Naturally, despite our constraints, we want to do everything, and if not everything, then "lots":
- We want to keep our web sites fresh
- We want to drive traffic to said web site
- We want to blog
- We want to get press coverage - online, offline
- We want the analysts to know and love us - or at least put us in their Magic Quadrants, or Waves, or wherever they put the in-crowd
- We want to work with great partners and maximize those relationships
- We want to do the events all our competitors seem to show up at
- We want to build our pipelines
- We want to come up with just the right message
- We want to do ads - online, offline
- We want to do breakfast seminars and webinars
- We want to do e-mail blasts and direct mail blasts
- We want new brochures, data sheets, case studies, white papers (thank goodness for pdf's - no need to worry about big print budgets)
- We want to prove that marketing matters - bring on the metrics!
- We want tschotkes
What's a marketing person with not enough money and too few people to do?
Just where do you start?
First things first
I always start with the most fundamental fundamental of all: get your story straight. The medium is not the message; the message is the message, and yours had better reflect:
- What your product is and does
- What your customers do with it
- What it does for them
- Just who these customers are
- Just why they should want to buy products from you
Maybe I'm just an old-fashioned girl, but to me, if you can't express the above in clear English, you really have no business trying to market anything.
Second things second
Bad news: there's no one right second thing to do.

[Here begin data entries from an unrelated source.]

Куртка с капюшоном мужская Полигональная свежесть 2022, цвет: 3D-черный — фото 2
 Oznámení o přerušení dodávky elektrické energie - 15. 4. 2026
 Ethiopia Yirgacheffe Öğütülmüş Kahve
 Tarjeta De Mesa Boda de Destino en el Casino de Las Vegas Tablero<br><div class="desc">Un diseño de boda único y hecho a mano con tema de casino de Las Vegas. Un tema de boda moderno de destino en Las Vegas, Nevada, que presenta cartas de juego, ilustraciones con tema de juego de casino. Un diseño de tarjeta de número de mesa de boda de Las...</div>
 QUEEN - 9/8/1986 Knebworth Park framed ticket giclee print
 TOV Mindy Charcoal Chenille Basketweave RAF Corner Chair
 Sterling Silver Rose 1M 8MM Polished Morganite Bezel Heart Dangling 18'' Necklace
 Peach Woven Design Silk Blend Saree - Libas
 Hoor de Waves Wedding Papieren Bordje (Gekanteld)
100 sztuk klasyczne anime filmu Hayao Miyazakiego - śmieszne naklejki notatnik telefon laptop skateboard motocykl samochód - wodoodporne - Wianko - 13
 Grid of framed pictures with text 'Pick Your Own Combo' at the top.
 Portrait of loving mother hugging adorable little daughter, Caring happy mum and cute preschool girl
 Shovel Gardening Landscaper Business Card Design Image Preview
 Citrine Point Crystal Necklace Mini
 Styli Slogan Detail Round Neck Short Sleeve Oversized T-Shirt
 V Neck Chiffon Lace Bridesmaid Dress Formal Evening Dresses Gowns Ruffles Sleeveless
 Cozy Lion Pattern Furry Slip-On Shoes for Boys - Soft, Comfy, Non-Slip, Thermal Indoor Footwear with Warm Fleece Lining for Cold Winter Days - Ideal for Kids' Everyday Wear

It all depends on - your product, your market, where you are in the adoption cycle for the product, your budget, your customers, your past success, your future goals....
And we all know you can't get away with just doing this one second thing. Marketing is about multiple touches, multiple approaches. There's rarely if ever going to be one thing that miraculously changes everything for you.
Unless you're a very small business just starting out. In that case, one thing may well prove momentous: the marquee customer you met at the trade show; the analyst you briefed the day before their biggest client asked for advice; the promotional ad that struck just the right cord.
No, the success from the one shot event doesn't last forever, but I'm sure we've all seen it happen that it can put you on the road to success. But that road success hits a hairpin curve at some point, and you won't be able to rely on just one thing to keep working its magic for you.
But whatever it is that you choose to do, make sure you do it well - and wholeheartedly. Better off focusing your efforts in a few areas than trying to do everything at once - and doing it all poorly.
It's still early in the year.
No budget? No staff? No nothing?
Come on, where's your spirit? You can still get something done.
Figure out some things that you're going to accomplish in the first quarter. Keep it to a minimum number. And don't forget to think about results you expect from whatever it is you're going to do.
Then go ahead and do it.
Don't forget to get your message down first.